Work on your email marketing and start creating your list from the off. Don’t compare yourself to others (hard I know) you are unique so own that… don’t worry re imposter syndrome. We all get it. Have a back up plan!!

A lot of great entreprenurs have part time jobs or contract work but nobody really speaks about this side of things. Get in touch with your local council for advice – I’m lucky to have the amazing Startup Croydon down the road from me.

Jennifer Corcoran

25) Dress for work

I’ve worked from home for nearly ten years. Resist the temptation to work in your jogging bottoms. Dress like you mean business even if it’s a pair of jeans and a smart shirt or t-shirt. If you work from home make sure you have a dedicated space to work in. It really helps to separate your work from home life.

Try and break up your working day with a walk or some exercise or meet a friend for a coffee. Find your tribe, having some virtual or in person cheerleaders is invaluable when you run your business.

Claire Winter

26) Know your worth

Know your worth and then add tax. This means yes, taking the jobs in the early days that you’re not quite sure about, but learning from those too. Make sure you always get something other than cash out of every single project: testimonial, new methodology, new sign up strategy, whatever it may be.

Olivia Vandyk

27) Have a well thought out website

In this day and age having a online presence is obviously imperative. If your time is limited the most important thing is to have a well thought out website (preferably) or at least a fully populated profile on facebook or LinkedIn.

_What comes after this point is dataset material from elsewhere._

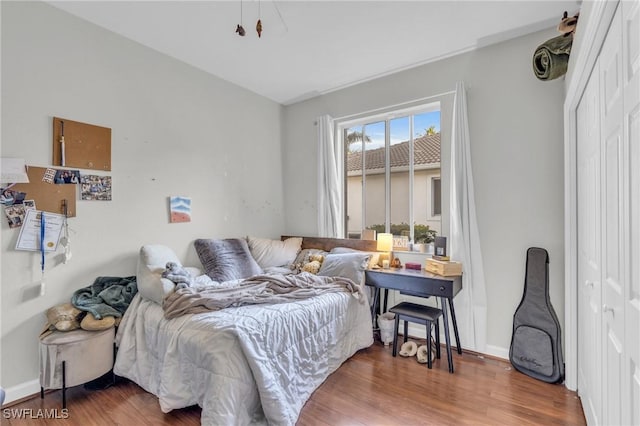 bedroom featuring hardwood / wood-style flooring and a closet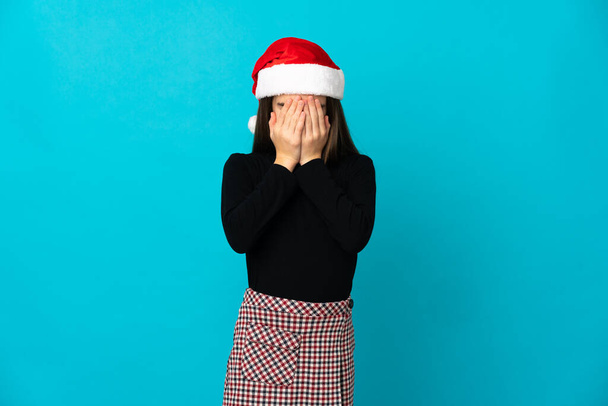 Niña con sombrero de Navidad aislado sobre fondo azul con expresión cansada y enferma - Foto, imagen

You need to give your customers the maximum opportunity to find out about your business and contact you or purchase easily. There is no point doing any other digital marketing until you have somewhere to send people.

Claire Icel

28) Say yes to opportunities (especially ones that scare you)

For me it’s about saying yes to opportunities especially the ones that scare you, and not overthinking and talking yourself out of it. Those opportunities are the ones that make a difference to how you feel about yourself and takes your business places you never knew you could go.

Having a support network other than family and friends is also essential and even better to have a coach or mentor that will challenge you to go further!